*** Exercise input ***
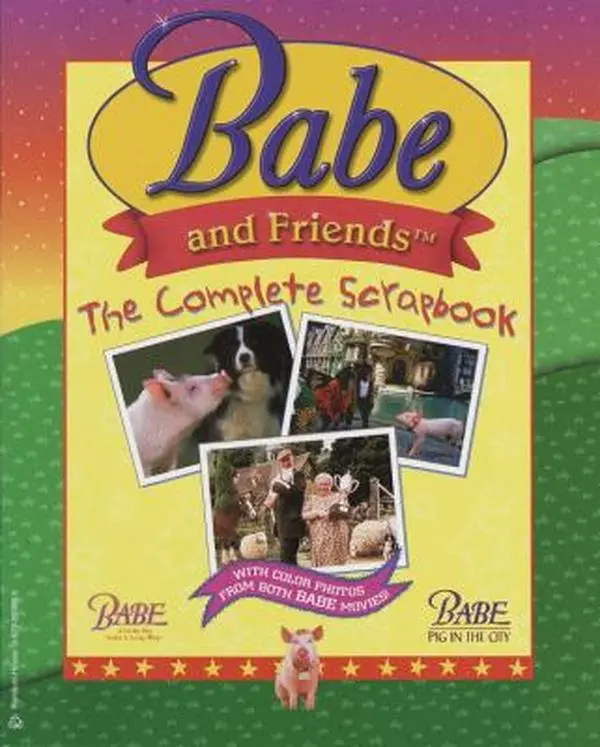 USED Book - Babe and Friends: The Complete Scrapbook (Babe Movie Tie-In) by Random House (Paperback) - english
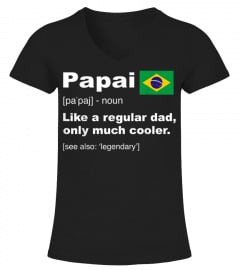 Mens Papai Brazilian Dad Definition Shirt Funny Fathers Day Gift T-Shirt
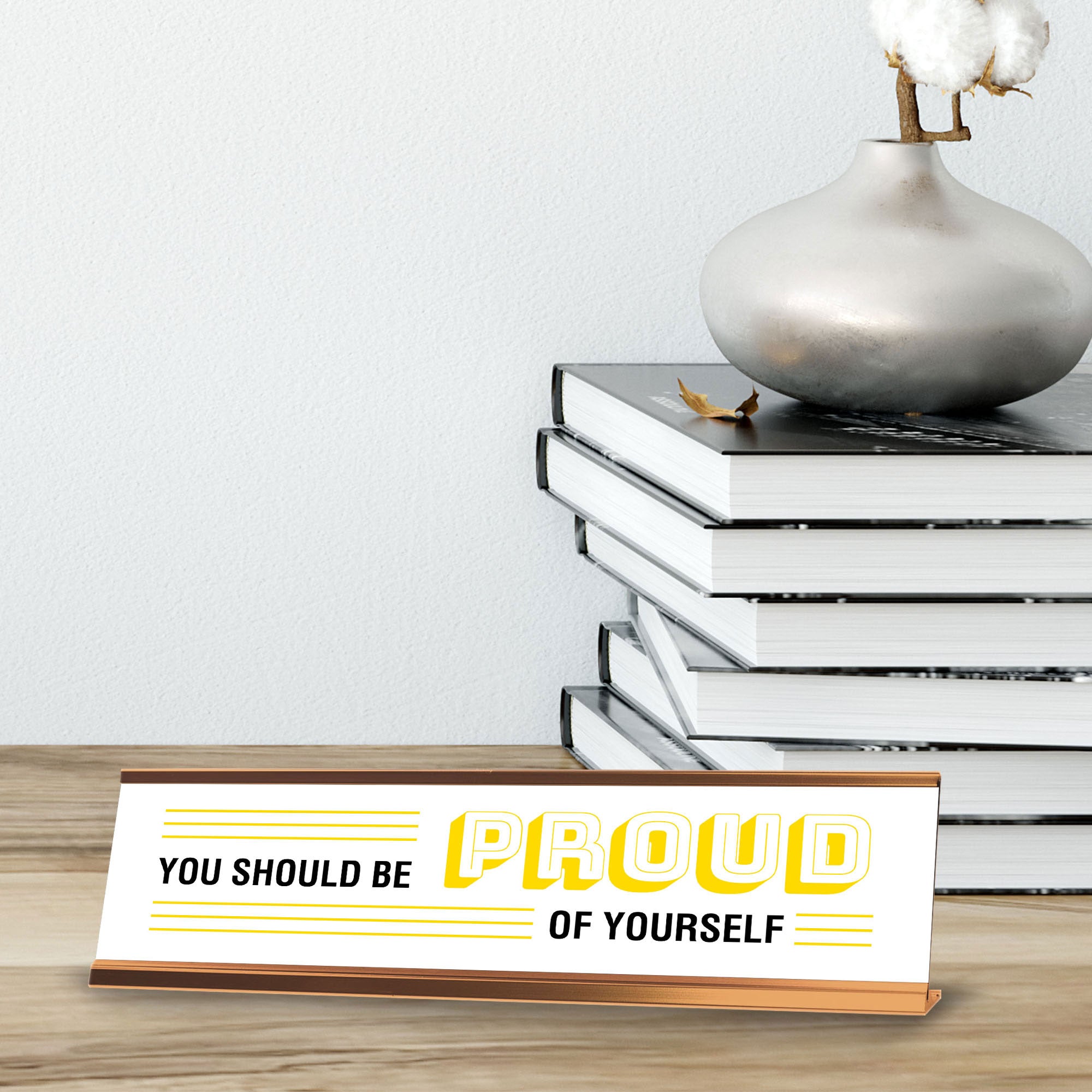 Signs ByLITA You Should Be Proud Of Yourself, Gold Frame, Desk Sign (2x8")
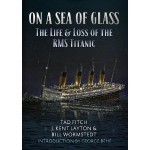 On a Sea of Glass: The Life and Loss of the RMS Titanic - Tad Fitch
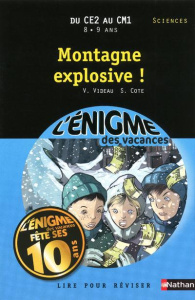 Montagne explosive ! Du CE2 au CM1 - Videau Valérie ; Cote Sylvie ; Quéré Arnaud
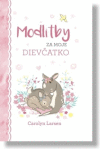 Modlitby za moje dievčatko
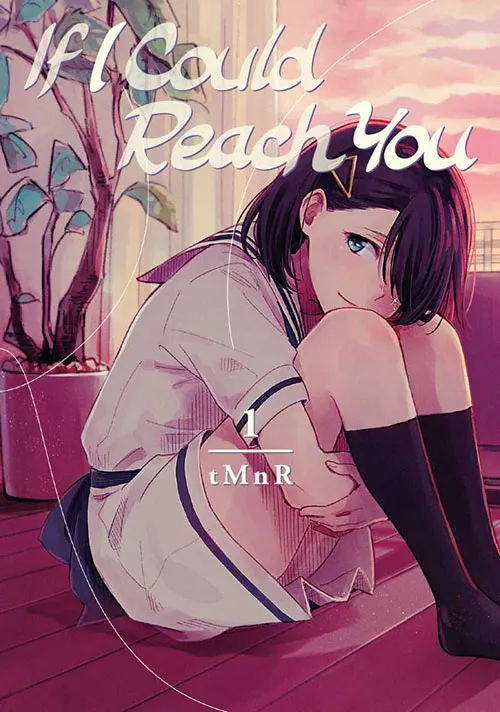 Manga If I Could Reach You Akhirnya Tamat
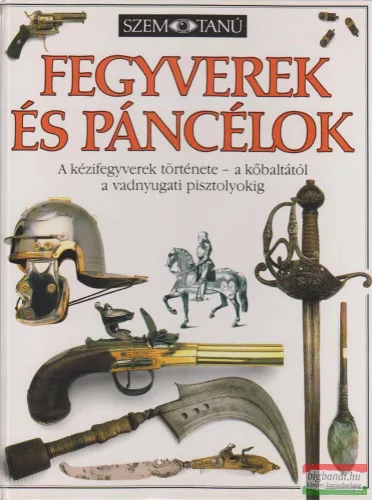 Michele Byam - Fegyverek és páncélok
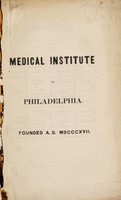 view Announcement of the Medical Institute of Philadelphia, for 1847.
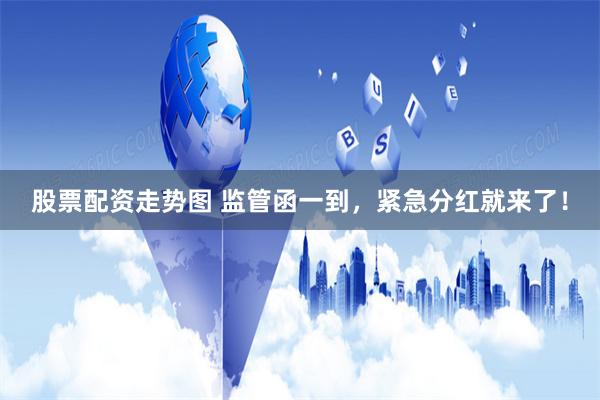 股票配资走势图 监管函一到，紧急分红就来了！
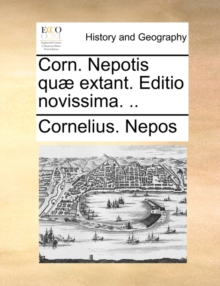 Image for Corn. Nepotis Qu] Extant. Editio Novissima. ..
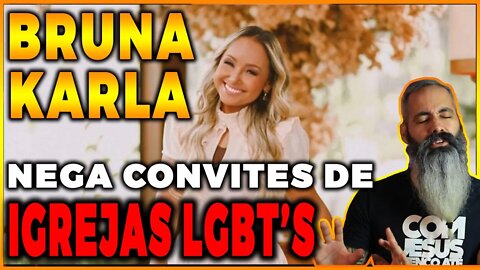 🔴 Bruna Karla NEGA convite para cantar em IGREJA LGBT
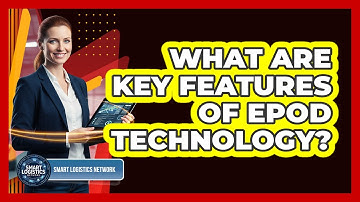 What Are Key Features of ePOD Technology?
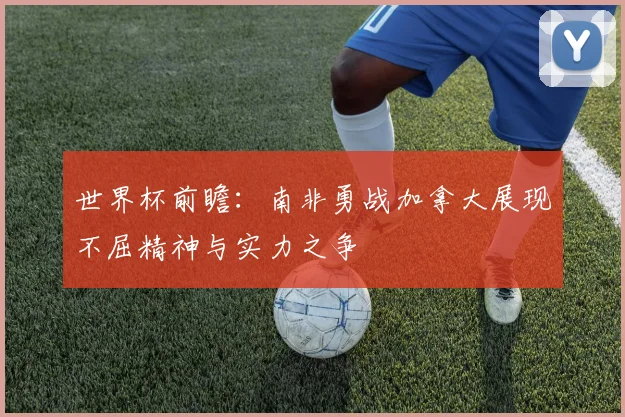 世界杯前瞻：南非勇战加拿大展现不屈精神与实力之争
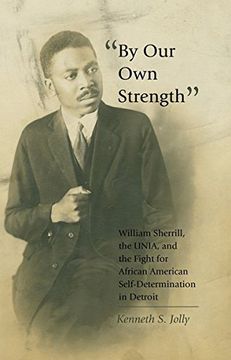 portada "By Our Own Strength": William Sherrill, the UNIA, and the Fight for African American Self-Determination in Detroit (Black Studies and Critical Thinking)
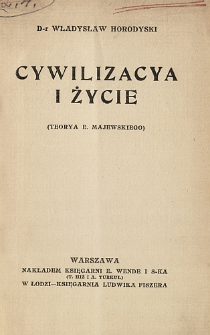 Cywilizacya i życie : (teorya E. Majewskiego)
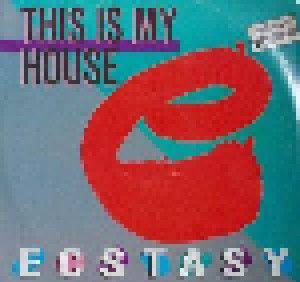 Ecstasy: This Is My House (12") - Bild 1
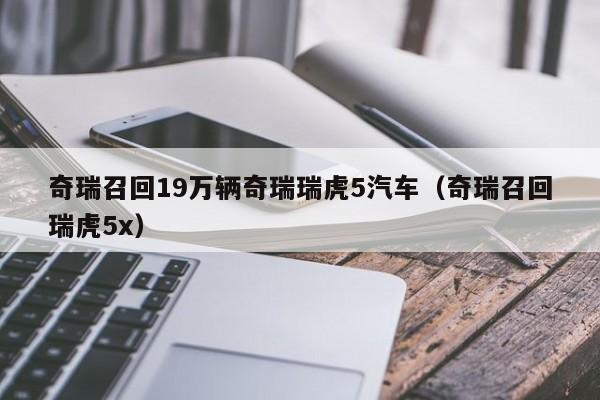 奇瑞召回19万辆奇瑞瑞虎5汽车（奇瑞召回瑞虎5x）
*** End of Exercise input ***
Exercise brief =>
Please write out the lines above, beginning at the line with "Michele Byam - Fegyverek és páncélok" and ending at the last line of the records, exactly as they appear and without pictures.

Result of the exercise =>
 Michele Byam - Fegyverek és páncélok
 view Announcement of the Medical Institute of Philadelphia, for 1847.
 股票配资走势图 监管函一到，紧急分红就来了！
 Image for Corn. Nepotis Qu] Extant. Editio Novissima. ..
 🔴 Bruna Karla NEGA convite para cantar em IGREJA LGBT
 What Are Key Features of ePOD Technology?
 世界杯前瞻：南非勇战加拿大展现不屈精神与实力之争
 portada "By Our Own Strength": William Sherrill, the UNIA, and the Fight for African American Self-Determination in Detroit (Black Studies and Critical Thinking)
 Cywilizacya i życie : (teorya E. Majewskiego)
 Ecstasy: This Is My House (12") - Bild 1
 奇瑞召回19万辆奇瑞瑞虎5汽车（奇瑞召回瑞虎5x）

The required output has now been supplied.